Extracted records:
--------

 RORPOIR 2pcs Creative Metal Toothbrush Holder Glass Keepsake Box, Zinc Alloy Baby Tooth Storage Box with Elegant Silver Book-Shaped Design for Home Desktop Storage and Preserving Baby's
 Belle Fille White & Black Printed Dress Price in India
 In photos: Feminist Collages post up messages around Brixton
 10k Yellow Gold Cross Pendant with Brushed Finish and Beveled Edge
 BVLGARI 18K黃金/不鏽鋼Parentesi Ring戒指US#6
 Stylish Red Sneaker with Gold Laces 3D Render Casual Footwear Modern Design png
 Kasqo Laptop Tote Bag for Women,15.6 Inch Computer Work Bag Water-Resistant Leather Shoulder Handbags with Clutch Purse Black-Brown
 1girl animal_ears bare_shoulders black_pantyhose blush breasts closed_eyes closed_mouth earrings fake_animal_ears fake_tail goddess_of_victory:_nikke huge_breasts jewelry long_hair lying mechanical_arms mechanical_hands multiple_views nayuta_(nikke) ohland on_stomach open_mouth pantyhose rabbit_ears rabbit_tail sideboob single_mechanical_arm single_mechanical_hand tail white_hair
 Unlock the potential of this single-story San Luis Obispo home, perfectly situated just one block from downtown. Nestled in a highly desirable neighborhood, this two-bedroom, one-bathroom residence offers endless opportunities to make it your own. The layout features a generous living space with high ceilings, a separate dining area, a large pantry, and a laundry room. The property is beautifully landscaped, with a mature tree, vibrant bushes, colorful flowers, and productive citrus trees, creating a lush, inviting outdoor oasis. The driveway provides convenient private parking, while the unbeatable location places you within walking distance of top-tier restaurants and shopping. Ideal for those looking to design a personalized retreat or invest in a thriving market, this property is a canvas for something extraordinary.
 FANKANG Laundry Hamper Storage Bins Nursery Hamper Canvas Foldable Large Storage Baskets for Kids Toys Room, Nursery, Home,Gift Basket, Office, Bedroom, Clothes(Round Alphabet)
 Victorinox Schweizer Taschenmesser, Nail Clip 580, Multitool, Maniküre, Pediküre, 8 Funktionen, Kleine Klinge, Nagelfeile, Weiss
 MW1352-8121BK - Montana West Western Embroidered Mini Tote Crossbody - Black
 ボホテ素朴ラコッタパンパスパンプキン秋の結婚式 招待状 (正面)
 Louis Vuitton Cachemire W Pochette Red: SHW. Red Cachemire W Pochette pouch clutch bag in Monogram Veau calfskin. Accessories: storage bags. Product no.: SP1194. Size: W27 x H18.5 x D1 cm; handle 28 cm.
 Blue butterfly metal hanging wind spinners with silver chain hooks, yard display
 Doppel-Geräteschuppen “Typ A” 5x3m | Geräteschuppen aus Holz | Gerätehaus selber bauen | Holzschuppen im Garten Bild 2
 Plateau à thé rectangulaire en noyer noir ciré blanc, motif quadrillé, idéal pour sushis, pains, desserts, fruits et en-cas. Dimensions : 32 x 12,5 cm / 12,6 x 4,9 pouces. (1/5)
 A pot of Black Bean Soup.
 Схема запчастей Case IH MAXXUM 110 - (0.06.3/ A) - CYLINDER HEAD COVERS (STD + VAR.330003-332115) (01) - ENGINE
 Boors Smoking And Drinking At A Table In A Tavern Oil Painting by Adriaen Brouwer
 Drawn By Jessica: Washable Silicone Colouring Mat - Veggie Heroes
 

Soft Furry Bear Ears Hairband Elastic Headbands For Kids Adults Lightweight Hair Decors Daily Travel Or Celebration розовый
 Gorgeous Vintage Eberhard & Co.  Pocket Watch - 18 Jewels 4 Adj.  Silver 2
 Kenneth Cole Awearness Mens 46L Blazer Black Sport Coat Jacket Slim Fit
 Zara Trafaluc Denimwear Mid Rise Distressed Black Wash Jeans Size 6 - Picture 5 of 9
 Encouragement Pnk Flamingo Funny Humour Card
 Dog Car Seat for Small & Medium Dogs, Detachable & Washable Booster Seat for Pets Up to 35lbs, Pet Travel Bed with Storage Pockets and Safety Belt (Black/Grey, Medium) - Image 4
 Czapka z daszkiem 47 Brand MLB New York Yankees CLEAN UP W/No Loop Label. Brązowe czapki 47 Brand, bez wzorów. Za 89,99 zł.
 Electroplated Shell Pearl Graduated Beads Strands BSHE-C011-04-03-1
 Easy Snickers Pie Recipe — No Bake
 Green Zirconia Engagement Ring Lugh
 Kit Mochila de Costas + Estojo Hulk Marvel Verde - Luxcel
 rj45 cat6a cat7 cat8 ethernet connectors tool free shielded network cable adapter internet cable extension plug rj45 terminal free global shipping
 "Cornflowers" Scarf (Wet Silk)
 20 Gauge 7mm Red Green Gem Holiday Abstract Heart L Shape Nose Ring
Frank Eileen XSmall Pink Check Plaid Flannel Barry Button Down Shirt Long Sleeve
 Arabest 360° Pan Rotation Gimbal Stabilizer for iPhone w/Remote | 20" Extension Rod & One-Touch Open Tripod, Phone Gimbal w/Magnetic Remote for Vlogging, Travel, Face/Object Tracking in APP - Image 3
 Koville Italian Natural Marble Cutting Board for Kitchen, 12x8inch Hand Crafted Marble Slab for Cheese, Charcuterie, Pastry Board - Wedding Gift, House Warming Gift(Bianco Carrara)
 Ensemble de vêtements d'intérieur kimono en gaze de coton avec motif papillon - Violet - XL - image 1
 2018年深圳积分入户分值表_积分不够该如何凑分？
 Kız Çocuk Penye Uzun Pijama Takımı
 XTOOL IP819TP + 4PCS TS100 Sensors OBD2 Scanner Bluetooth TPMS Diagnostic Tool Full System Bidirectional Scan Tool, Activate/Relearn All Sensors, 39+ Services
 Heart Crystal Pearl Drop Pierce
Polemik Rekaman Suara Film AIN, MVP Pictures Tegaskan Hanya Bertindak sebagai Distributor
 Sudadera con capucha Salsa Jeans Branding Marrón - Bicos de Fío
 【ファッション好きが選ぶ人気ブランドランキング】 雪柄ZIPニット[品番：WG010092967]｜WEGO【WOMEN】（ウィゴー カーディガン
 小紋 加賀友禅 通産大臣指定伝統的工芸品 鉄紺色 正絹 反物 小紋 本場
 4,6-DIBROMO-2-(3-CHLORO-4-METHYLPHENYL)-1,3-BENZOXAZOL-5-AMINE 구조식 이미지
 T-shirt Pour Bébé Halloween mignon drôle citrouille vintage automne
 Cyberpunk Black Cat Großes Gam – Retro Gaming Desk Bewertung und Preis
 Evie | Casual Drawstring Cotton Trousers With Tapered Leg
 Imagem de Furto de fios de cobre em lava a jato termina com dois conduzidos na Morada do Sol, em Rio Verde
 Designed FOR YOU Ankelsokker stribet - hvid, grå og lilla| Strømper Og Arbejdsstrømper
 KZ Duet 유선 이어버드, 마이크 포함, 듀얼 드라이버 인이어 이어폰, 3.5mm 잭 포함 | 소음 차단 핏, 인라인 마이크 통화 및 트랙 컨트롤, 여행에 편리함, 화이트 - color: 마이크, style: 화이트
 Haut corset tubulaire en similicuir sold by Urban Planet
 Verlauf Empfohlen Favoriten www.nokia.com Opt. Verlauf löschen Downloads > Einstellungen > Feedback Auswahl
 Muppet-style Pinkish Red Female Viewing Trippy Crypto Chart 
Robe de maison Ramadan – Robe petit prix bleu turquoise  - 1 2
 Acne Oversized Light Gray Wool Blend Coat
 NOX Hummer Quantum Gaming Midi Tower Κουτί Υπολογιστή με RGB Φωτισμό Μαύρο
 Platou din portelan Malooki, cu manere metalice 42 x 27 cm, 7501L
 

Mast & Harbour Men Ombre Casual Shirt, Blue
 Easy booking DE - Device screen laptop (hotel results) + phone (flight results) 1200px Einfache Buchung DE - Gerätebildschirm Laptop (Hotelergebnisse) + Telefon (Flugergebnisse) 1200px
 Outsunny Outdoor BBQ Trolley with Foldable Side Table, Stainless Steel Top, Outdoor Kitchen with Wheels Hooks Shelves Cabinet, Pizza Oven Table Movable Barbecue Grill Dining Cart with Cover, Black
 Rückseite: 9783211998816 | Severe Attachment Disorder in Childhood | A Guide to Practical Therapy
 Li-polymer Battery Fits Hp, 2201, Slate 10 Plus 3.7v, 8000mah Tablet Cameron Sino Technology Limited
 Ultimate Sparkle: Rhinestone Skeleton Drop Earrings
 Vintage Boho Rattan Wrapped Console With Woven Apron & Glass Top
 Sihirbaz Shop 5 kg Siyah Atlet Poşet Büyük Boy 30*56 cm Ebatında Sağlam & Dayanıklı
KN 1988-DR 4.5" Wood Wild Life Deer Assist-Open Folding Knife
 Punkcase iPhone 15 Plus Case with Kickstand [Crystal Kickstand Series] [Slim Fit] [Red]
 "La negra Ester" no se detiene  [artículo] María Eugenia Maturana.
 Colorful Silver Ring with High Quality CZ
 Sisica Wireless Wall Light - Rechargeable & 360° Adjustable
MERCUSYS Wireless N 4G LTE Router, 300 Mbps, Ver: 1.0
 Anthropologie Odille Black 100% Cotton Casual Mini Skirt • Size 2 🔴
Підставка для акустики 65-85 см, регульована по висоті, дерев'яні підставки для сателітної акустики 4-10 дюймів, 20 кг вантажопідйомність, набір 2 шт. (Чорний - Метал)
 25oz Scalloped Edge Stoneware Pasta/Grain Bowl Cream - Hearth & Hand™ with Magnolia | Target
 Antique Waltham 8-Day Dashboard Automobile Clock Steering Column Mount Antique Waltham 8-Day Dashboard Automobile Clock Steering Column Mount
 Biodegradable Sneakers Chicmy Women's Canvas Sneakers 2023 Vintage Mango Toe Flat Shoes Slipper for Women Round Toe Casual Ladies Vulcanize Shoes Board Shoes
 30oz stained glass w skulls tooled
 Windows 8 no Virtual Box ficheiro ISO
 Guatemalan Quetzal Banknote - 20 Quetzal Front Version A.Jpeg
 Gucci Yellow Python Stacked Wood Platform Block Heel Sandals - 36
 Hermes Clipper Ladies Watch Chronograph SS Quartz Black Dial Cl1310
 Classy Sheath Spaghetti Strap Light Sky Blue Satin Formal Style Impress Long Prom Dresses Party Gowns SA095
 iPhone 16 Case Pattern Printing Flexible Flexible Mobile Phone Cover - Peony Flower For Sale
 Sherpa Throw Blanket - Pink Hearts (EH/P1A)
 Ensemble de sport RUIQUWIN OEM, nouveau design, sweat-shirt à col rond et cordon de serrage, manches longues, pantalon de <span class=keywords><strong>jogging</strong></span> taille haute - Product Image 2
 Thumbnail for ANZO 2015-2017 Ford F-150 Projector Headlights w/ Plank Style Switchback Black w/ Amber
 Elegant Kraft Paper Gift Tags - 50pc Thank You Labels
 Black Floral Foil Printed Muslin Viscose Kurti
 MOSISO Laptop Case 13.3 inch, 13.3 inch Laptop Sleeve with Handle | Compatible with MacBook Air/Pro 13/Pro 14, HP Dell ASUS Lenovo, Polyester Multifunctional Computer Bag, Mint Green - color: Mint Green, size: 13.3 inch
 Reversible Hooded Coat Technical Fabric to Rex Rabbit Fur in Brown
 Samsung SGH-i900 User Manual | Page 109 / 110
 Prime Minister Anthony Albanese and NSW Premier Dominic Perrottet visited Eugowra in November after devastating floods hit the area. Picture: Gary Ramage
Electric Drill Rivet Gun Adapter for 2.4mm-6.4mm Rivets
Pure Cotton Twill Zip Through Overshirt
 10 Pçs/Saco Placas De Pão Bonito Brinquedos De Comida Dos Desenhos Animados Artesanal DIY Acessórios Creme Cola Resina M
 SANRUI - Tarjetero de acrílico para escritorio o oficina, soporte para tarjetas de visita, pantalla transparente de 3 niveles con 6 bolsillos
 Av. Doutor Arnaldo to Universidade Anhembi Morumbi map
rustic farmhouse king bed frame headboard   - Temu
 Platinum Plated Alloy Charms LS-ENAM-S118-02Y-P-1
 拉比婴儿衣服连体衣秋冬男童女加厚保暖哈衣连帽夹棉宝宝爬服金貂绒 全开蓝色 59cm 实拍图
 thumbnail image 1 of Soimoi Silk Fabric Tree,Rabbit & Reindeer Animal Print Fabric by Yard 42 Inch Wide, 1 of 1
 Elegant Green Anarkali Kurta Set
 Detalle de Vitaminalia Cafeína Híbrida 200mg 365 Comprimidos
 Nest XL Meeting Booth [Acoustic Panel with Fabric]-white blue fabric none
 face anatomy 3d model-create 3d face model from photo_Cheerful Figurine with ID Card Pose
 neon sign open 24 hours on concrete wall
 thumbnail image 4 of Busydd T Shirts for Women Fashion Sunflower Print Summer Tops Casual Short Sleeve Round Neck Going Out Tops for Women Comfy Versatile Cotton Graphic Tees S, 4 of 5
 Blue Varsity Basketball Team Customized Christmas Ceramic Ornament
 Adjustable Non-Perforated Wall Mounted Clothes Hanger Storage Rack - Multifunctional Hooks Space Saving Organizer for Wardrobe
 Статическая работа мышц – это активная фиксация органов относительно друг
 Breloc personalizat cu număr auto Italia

--------

## Required work
Print exactly the lines above, between the one holding "BVLGARI 18K黃金/不鏽鋼Parentesi Ring戒指US#6" and the one holding "Unlock the potential", inclusive, and nothing besides.

## Finished task
 BVLGARI 18K黃金/不鏽鋼Parentesi Ring戒指US#6
 Stylish Red Sneaker with Gold Laces 3D Render Casual Footwear Modern Design png
 Kasqo Laptop Tote Bag for Women,15.6 Inch Computer Work Bag Water-Resistant Leather Shoulder Handbags with Clutch Purse Black-Brown
 1girl animal_ears bare_shoulders black_pantyhose blush breasts closed_eyes closed_mouth earrings fake_animal_ears fake_tail goddess_of_victory:_nikke huge_breasts jewelry long_hair lying mechanical_arms mechanical_hands multiple_views nayuta_(nikke) ohland on_stomach open_mouth pantyhose rabbit_ears rabbit_tail sideboob single_mechanical_arm single_mechanical_hand tail white_hair
 Unlock the potential of this single-story San Luis Obispo home, perfectly situated just one block from downtown. Nestled in a highly desirable neighborhood, this two-bedroom, one-bathroom residence offers endless opportunities to make it your own. The layout features a generous living space with high ceilings, a separate dining area, a large pantry, and a laundry room. The property is beautifully landscaped, with a mature tree, vibrant bushes, colorful flowers, and productive citrus trees, creating a lush, inviting outdoor oasis. The driveway provides convenient private parking, while the unbeatable location places you within walking distance of top-tier restaurants and shopping. Ideal for those looking to design a personalized retreat or invest in a thriving market, this property is a canvas for something extraordinary.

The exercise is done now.